WORK TO BE COMPLETED |
Among the entries below, find all lines that include "dark" and copy them.

INPUT DATA |

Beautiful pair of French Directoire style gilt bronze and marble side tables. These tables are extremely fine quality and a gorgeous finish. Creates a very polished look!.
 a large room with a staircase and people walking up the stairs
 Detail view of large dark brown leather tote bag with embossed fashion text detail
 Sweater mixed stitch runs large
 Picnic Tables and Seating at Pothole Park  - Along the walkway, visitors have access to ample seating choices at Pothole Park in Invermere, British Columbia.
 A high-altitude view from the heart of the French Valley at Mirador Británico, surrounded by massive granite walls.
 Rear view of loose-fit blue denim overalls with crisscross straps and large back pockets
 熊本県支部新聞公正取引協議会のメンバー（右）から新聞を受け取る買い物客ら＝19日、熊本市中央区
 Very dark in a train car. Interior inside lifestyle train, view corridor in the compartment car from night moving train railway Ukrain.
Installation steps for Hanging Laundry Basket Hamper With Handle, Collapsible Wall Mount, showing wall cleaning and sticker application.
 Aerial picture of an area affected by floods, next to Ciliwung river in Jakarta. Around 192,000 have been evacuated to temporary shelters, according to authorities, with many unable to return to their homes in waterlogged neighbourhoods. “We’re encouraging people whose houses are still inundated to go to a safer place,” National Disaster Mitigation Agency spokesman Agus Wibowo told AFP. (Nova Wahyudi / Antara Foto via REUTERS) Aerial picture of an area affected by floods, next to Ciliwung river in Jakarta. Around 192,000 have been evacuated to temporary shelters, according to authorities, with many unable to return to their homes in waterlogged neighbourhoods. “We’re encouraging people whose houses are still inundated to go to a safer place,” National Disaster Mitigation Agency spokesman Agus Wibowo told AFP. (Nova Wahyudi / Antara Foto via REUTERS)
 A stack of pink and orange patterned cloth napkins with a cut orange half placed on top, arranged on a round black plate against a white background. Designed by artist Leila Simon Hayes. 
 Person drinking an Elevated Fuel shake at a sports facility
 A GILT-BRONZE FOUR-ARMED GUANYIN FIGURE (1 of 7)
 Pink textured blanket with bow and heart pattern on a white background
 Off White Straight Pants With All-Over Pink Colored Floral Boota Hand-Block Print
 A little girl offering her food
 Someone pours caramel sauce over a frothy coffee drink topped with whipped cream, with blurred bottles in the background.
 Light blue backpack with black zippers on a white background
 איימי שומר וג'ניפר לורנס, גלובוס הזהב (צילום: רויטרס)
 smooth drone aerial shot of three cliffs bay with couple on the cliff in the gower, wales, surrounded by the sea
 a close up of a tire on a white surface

EXERCISE OUTPUT |
 Detail view of large dark brown leather tote bag with embossed fashion text detail
 Very dark in a train car. Interior inside lifestyle train, view corridor in the compartment car from night moving train railway Ukrain.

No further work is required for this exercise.